La fama de Anthony Burgess es claro ejemplo de que el universo no desdeña la ironía: a 32 años de su muerte, esta descansa enteramente en La naranja mecánica, una novela que detestaba y que, según él, había escrito en tres semanas. Peor aún, más visible que la novela, más frecuentada, es la adaptación al cine de Kubrick, que distorsiona el libro y que Burgess odiaba, si es posible, todavía más.

Su primer amor fue la música, seducido por un encuentro casual en su infancia con Prélude à l’après-midi d’un faune, de Debussy, durante una transmisión radial.
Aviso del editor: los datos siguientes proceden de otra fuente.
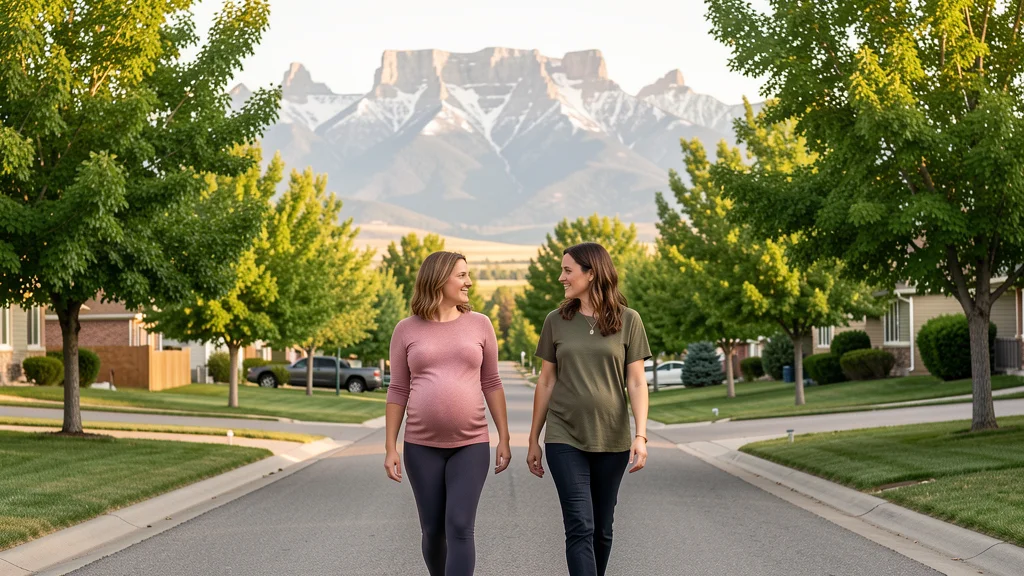 A doula walking alongside an expectant mom on a tree-lined path with the Colorado Front Range in the distance: Denver birth support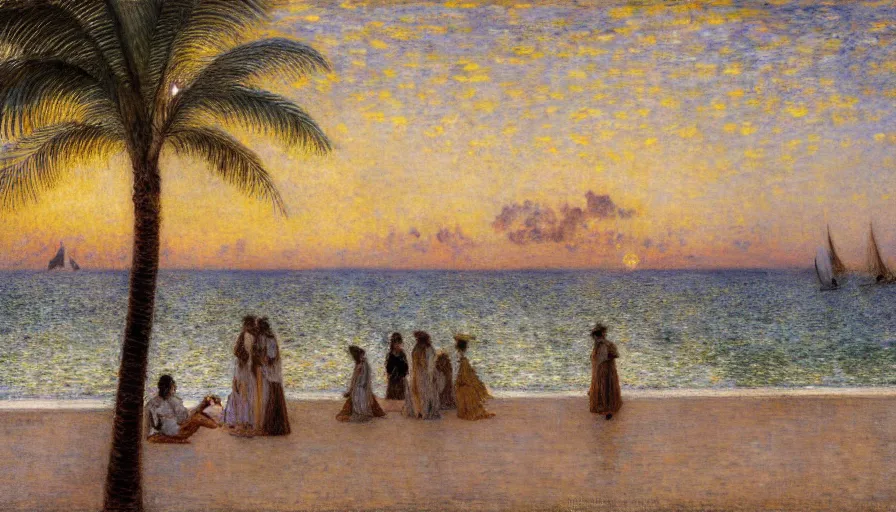 Prompt: a ultradetailed beautiful painting of the night sky of the great amazonas river golden white palace balustrade designed by jules bastien - lepage, tarsila do amaral, frank weston and gustave baumann, beach, trending on artstation, mediterranean, palm trees, sharp focus, sail boats, soft light, 8 k 4 k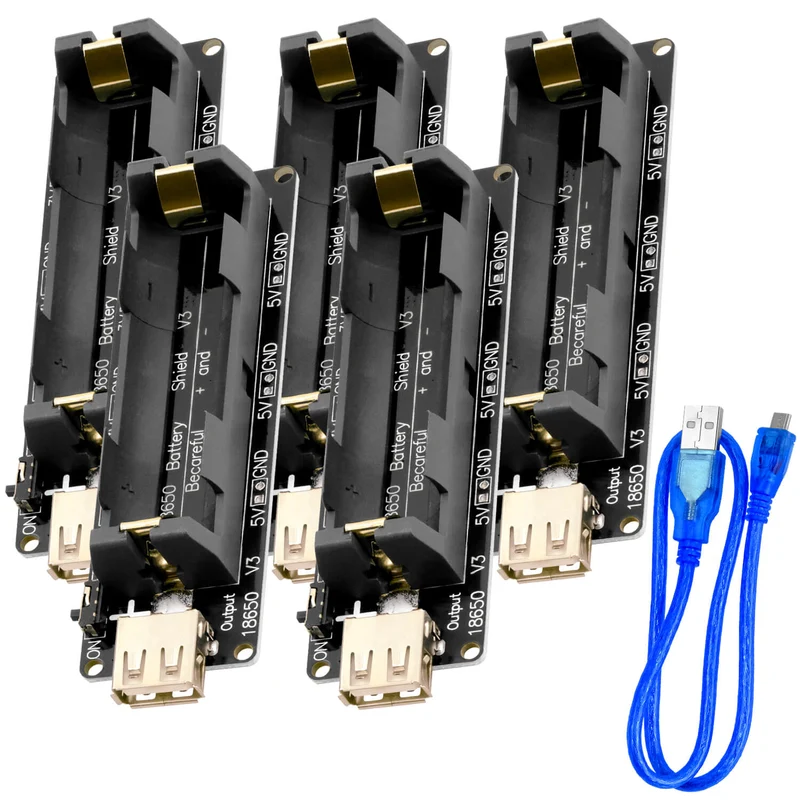 Battery Expansion Shield 18650 V3 including USB cable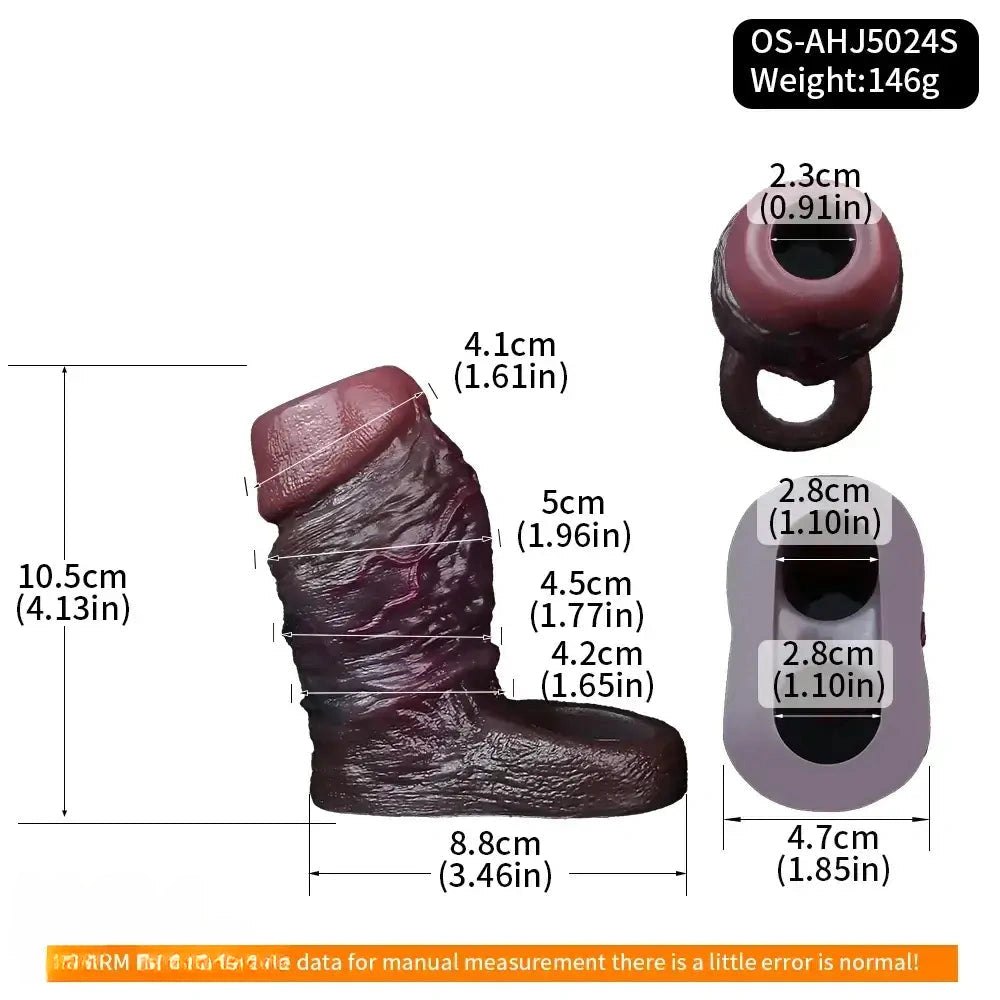Coffee hollow silicone dildo sleeve, photo 12
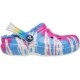 Saboți Crocs Kids' Classic Lined Tie-Dye Graphic Clog Culoare Multicolor - Powder Blue/Multi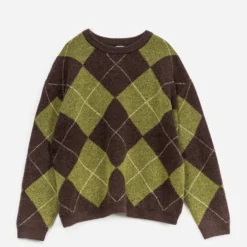 Pull ERAM WEAR marron tricot motif losanges verts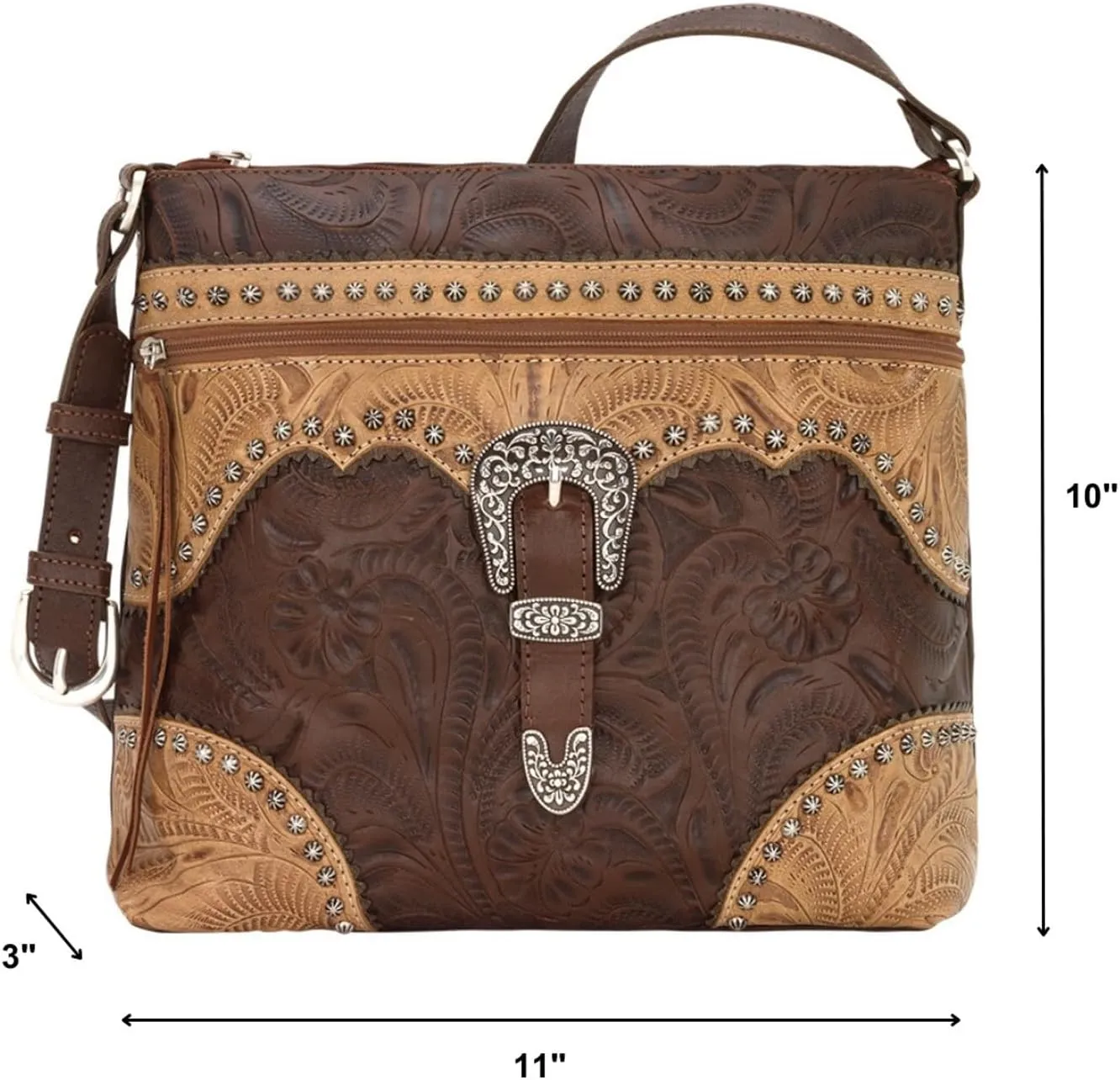 American West Ladies Saddle Ridge Zip Top Shoulder Bag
Fue un amor no del todo correspondido: su intento de estudiar música fracasó al negársele la entrada a la Universidad de Manchester por tener malas notas en física. Burgess se resignó entonces a estudiar Lengua y Literatura Inglesa, disciplina en la que demostró talento para la lingüística y los idiomas.

Durante la Segunda Guerra Mundial, mientras servía en el Army Educational Corps, comenzó a componer, actividad en la que reincidió en sus años en Malasia y Brunéi en el British Colonial Service, al que se unió como maestro en busca de un mejor salario. Su carrera como compositor nunca despegó a pesar de algunos pequeños triunfos que lo llevaron a persistir en ella. Sin embargo, fue en esos años en Asia cuando inició su carrera como novelista, en la que pronto obtuvo éxito y la aprobación de sus contemporáneos, además de encontrar, con el tiempo, una solución a sus problemas económicos. Aun así, esa pasión por la música es lo que le permitió escribir sobre ella a lo largo de su vida con el conocimiento que solo confiere la práctica regular de un arte. Esos ensayos y artículos fueron finalmente recopilados en 2024 en The Devil Prefers Mozart: On Music and Musicians, 1962-1993, de donde hemos seleccionado el texto que le ofrecemos a continuación.

La ruina de la música

Quiero dejar clara una cosa sobre el estado de la música en nuestro tiempo. Como subarte mediocre, bálsamo para adolescentes, subsiste e incluso florece. Como arte dedicado a sondear las profundidades del alma humana o (y esto equivale a lo mismo) a revelar visiones celestiales, dejó de existir alrededor del momento en que murió Mozart.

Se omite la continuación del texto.